First, the story was not just the euro’s moving by four big figures in just a few hours. The German DAX plunged 4.5% and interest rates rose, not just on German bonds but across the European Union. It was total carnage. So why did this happen?

The basic reason is that prop desks and hedge fund traders had piled onto the same side of the boat. They expected a rate cut deeper into negative territory. They didn’t get it.

A standard trading rule says “the first loss is the best loss.” Doubling down on a losing trade works out sometimes, but the wisdom behind the rule is that it doesn’t work that often. The way you avoid a 20% loss is to cut the loss at 5%.

The selling didn’t come from retail investors: it was all traders and hedge funds. Some sold immediately, triggering more losses, which triggered more sell signals, which spun into more losses and resulting sell signals. Soon the market was experiencing severe whiplash.

Why was everybody on the same side of the boat? They mistakenly believed what the ECB (read Draghi) told them.

“Wait a minute,” you say, “what do you mean Draghi told them?”

I mean just that. The ECB conducts regular private conferences with what they call “market participants.”

The ECB has a special relationship with hedge funds and banks that includes closed-door meetings where it hands them privileged information, allowing them to trade in advance of ECB moves. When this popped on the front pages, Draghi, rather than pretending to be shocked and appalled, defended the practice: “Direct exchanges with … specialised audiences form an essential part of the ECB’s communication policy,” he wrote. They were “integral to its transparency policy.”

The ECB has enriched hedge funds and banks every way it could over the years since the euro debt crisis and bailouts. Stocks and bonds started selling off even before Draghi spoke at the press conference, as hedge funds were reacting to the ECB’s statement)

The ECB did in fact cut rates and increase the amount of QE it would deliver. But I’ll bet you a dollar to 12 doughnuts that, in the “private communications” the ECB had with various “specialised audiences,” they indicated even deeper cuts.

Why would hedge funds buy 10-year German bonds at very low rates using extraordinarily high leverage unless they thought rates were going lower?

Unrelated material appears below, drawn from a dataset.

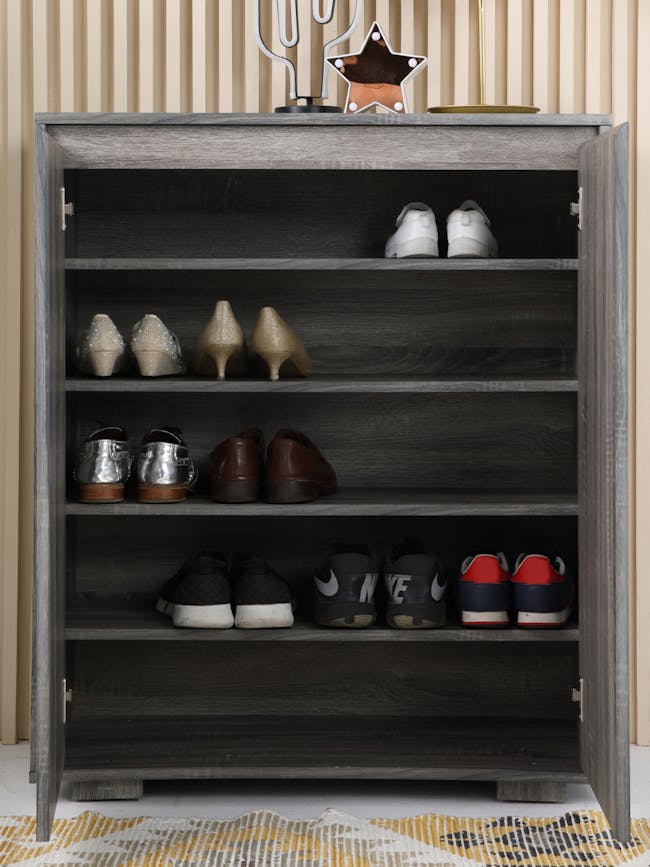 Tyler 2 Door Shoe Cabinet - Ash Grey - 1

They expected rates to fall another 10-20 basis points when they bought those bonds. Depending when they bought the bonds, they may even have had open gains to protect. Furthermore, traders clearly expected the ECB to increase its €60 billion QE pace, not merely extend it.

I have sat with traders in Europe who were deeply confident about what the ECB would do. Now we know the reason why: they are getting the straight poop from deep within the bowels of the ECB.

Except that this time, Draghi could not get enough ECB board members to go along with him. I am sure he could have gotten a majority of the vote, but weak support would have raised too many eyebrows. Imagine the FOMC’s approving a new policy with five dissenters. People would say, correctly, that the Fed was in disarray.

I fully expect to see deeper cuts in Eurozone interest rates – perhaps even cuts into negative territory on the refinancing operations as well as the marginal lending facility.

The ECB under Draghi has been willing to hype its moves and then, when the moment comes, deliver more than it promised. This meeting tells us that there is now considerable resistance to taking rates even further into negative territory. It is clearly not just the German Bundesbank saying “Nein!”

I still think the euro will reach parity against the dollar, but the timeframe has been pushed out. Once-bitten, twice-shy traders and hedge funds may hesitate to go all-in against the euro, allowing the euro to rise even further. I expect this unless Draghi musters a surprise announcement that fulfills expectations at the March ECB meeting.

Draghi has to be frustrated: he lost some credibility last week. Now, when he re-utters the words “We will do whatever it takes,” the market will stay skeptical until he actually delivers. They will no longer believe he can deliver on whatever he promised in his “private consultations.”

Europe faces great difficulties generating any real inflation, and it won’t be long before another nation begins to have Greece-like troubles. The ECB must step up as the euro again comes under pressure.